A self-supported race across Europe
The Transcontinental Race is the most notable of many emerging self-supported ultra-endurance cycle races. It traverses Europe from west to east, eating up 3500 – 4000 km depending on the route, which is never the same from one year to the next. It begins in Geraardsbergen in Flemish Belgium, finishing in previous years in Canakkale, Turkey and more recently at the UNESCO site of the ancient monasteries of Meteora, Greece.
The race is a series of checkpoints between which the route taken is the decision of the rider. As well as endurance fitness, this race tests mapping and planning skills: it is a survival race rather than a mere bike race, orienteering on two wheels if you will, which for many is part of the appeal.

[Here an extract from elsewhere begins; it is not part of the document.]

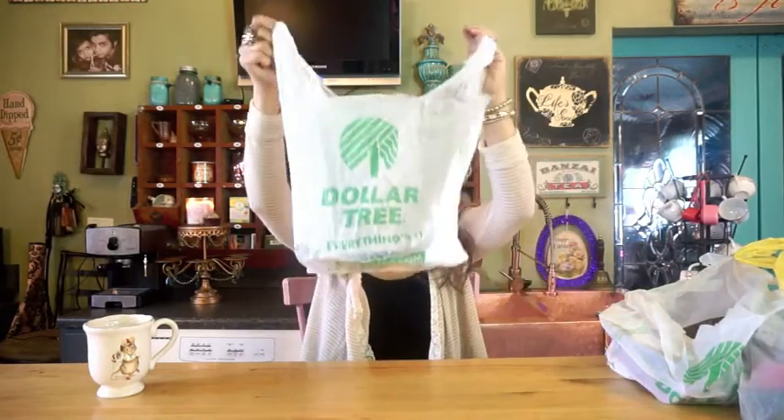Hi YouTube! It's time for another Dollar Tree haul. I haven't been going as much — I went this week and I'd gone a few weeks ago. So this is a combination of those two times. I found a couple of the items on my wish list, but I still have a few that I'm still looking for.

Unlike stage racing with a daily start and finish time (i.e. the Tour de France), when the clock starts in the Transcontinental Race, it does not stop until you cross the finish line. It is at the discretion of the rider to decide when and where to stop, eat and sleep and is completely self-supported. One can use commercial outlets to buy supplies and even stay in hotels, as they are available to all other riders. However, the use of support teams, stopping at international friends’ houses en-route, or posting supplies to various points along your route, is strictly forbidden. All of these factors increase the logistical complexity of the race and it means that anything one may lack in physical fitness could well be compensated for with experience and know-how. Again, for many, this is part of the appeal.
A physical and psychological challenge
Riders are subjected to a unique set of demands and conditions during such races. Physically, increasing levels of fatigue may seem like an obvious hurdle to success, but experiencing this on the backdrop of having to think about your nutritional, rest and sleep requirements is also psychologically demanding. Environmental challenges such as extreme temperatures – hot days and cold nights – add to the demands, as does topography: climbing mountain roads is a challenge, but even more so above 2000 metres where oxygen starts to become sparse! Needless to say, that as a scientist I viewed these challenging demands as an exciting opportunity to try to observe and quantify the effect these have on the body in the field. So I did…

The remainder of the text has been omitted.